How can one approach this land of snow peaks and tropical jungles, with seventeen major languages and twenty-two thousand distinct dialects (including some spoken by more people than speak Danish or Norwegian), inhabited in the last decade of the twentieth century by nearly 940 million individuals of every ethnic extraction known to humanity? How does one come to terms with a country whose population is 51 percent illiterate, but which has educated the world's second largest pool of trained scientists and engineers, whose teeming cities overflow while four out of five Indians scratch a living from the soil? What is the clue to understanding a country rife with despair and disrepair, which nonetheless moved a Mughal emperor to declaim, "If on earth there be paradise of bliss, it is this, it is this, it is this ...?" How does one gauge a culture that elevated nonviolence to an effective moral principle, but whose freedom was born in blood and whose independence still soaks in it? How does one explain a land where peasant organizations and suspicious officials attempt to close down Kentucky Fried Chicken as a threat to the nation, where a former prime minister bitterly criticizes the sale of Pepsi-Cola "in a country where villagers don't have clean drinking water," and which yet invents a greater quantity of sophisticated software for U.S. computer manufacturers than any other country in the world? How can one portray the present, let alone the future, of an ageless civilization that was the birthplace of four major religions, a dozen different traditions of classical dance, eighty-five political parties, and three hundred ways of cooking the potato?
The short answer is that it can't be done - at least not to everyone's satisfaction. Any truism about India can be immediately contradicted by another truism about India. The country's national motto, emblazoned on its governmental crest, is Satyameva Jayate: "Truth Always Triumphs." The question remains, however: Whose truth? It is a question to which there are at least 940-plus million answers - if the last census hasn't undercounted us again.
But that sort of answer is no answer at all, and so another answer to those questions has to be sought. And this may lie in a single insight: the singular thing about India is that you can only speak of it in the plural.

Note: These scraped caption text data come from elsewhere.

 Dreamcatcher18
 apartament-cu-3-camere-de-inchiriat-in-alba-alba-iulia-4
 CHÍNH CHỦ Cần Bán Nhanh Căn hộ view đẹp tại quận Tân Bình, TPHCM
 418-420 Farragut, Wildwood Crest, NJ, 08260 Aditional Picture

There are, in the hackneyed phrase, many Indias. Everything exists in countless variants. There is no single standard, no fixed stereotype, no "one way." This pluralism is acknowledged in the way India arranges its own affairs: all groups, faiths, tastes, and ideologies survive and contend for their place in the sun. At a time when most developing countries opted for authoritarian models of government to promote nation-building and to direct development, India chose to be a multiparty democracy. And despite many stresses and strains, including twenty-two months of autocratic rule during a "state of emergency" declared by Prime Minister Indira Gandhi in 1975, a multiparty democracy - freewheeling, rambunctious, corrupt, and inefficient, perhaps, but nonetheless flourishing - India has remained.

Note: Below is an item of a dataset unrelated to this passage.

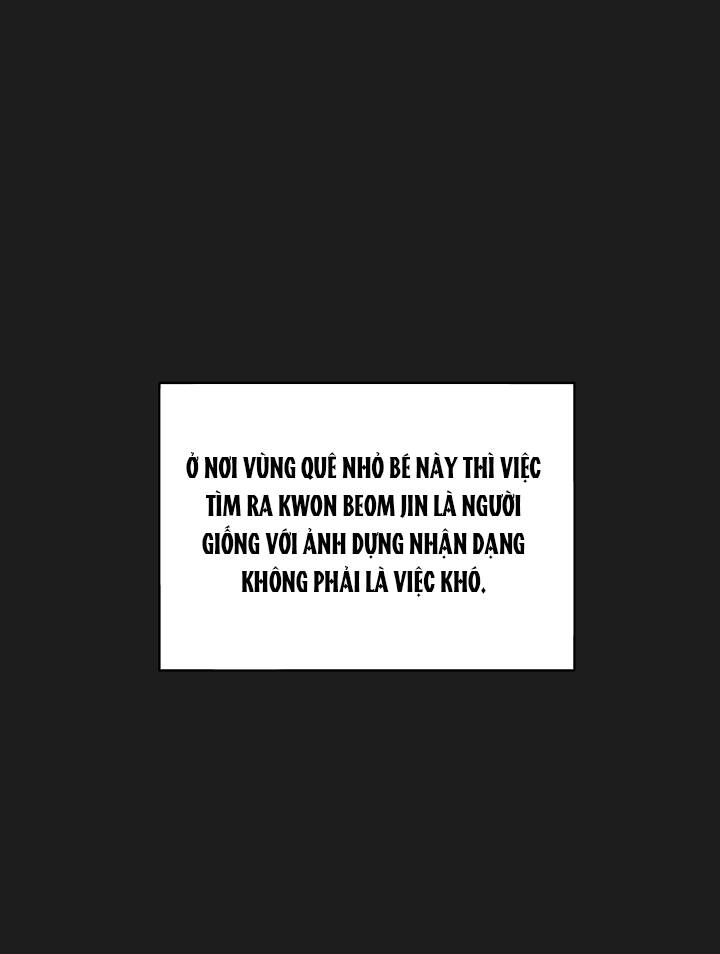 Chỉ Là Ánh Bình Minh Chapter 25.1 - 31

One result is that India strikes many as maddening, chaotic, inefficient, and seemingly unpurposeful as it muddles through into the twenty-first century. Another, though, is that India is not just a country but an adventure, one in which all avenues are open and everything is possible. "All the convergent influences of the world," wrote E. P. Thompson, "run through this society: Hindu, Moslem, Christian, secular; Stalinist, liberal, Maoist, democratic socialist, Gandhian. There is not a thought that is being thought in the West or East that is not active in some Indian mind."
That Indian mind has been shaped by remarkably diverse forces: ancient Hindu tradition, myth, and scripture; the impact of Islam and Christianity; and two centuries of British colonial rule. The result is unique, not just because of the variety of contemporary influences available in India, but because of the diversity of its heritage.

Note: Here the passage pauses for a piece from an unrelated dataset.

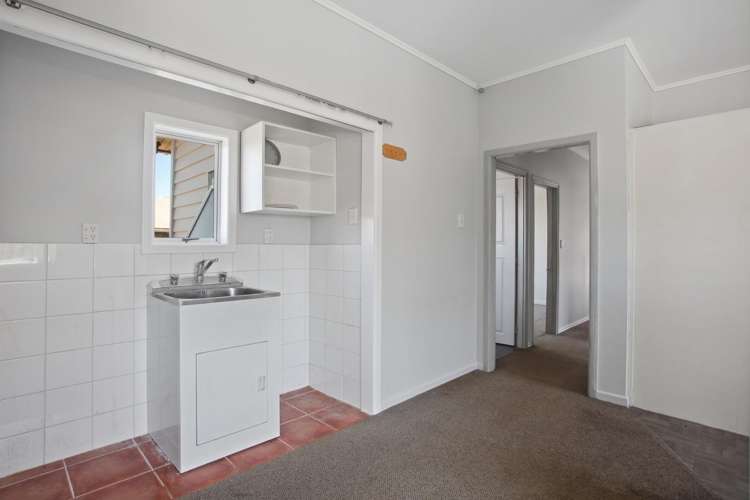 11 Hokonui Road Otahuhu_4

Many observers have been astonished by India's survival as a pluralist state. But India could hardly have survived as anything else. Pluralism is a reality that emerges from the very nature of the country; it is a choice made inevitable by India's geography and reaffirmed by its history.
One of the few generalizations that can safely be made about India is that nothing can be taken for granted about the country - not even its name, for the word India comes from the river Indus, which flows in Pakistan. That anomaly is easily explained, for what is today Pakistan was part of India until the country was partitioned by the departing British in 1947. (Yet each explanation breeds another anomaly. Pakistan was created as a homeland for India's Muslims, but throughout the 1970s and 1980s there were more Muslims in India than in Pakistan.)
So the Indus is no longer the starting point for a description of India's geography, which underpins the national principle of variety. Instead one might start with the dimensions of the country. India is huge; it is the world's seventh largest country, covering an area of 1,269,419 square miles (3,287,782 square kilometers). It is also the second most populous nation on earth, with an estimated 1996 population of over 940 million against China's estimated 1 billion, but with its population - which grows annually by 13 million, equivalent to a new Australia every year - projected to overtake China's within three decades. Another indication of the immensity of India is the length of its coastline (3,533 miles, or 5,653 kilometers) and its land frontiers with its neighbors (9,425 miles, or 15,168 kilometers).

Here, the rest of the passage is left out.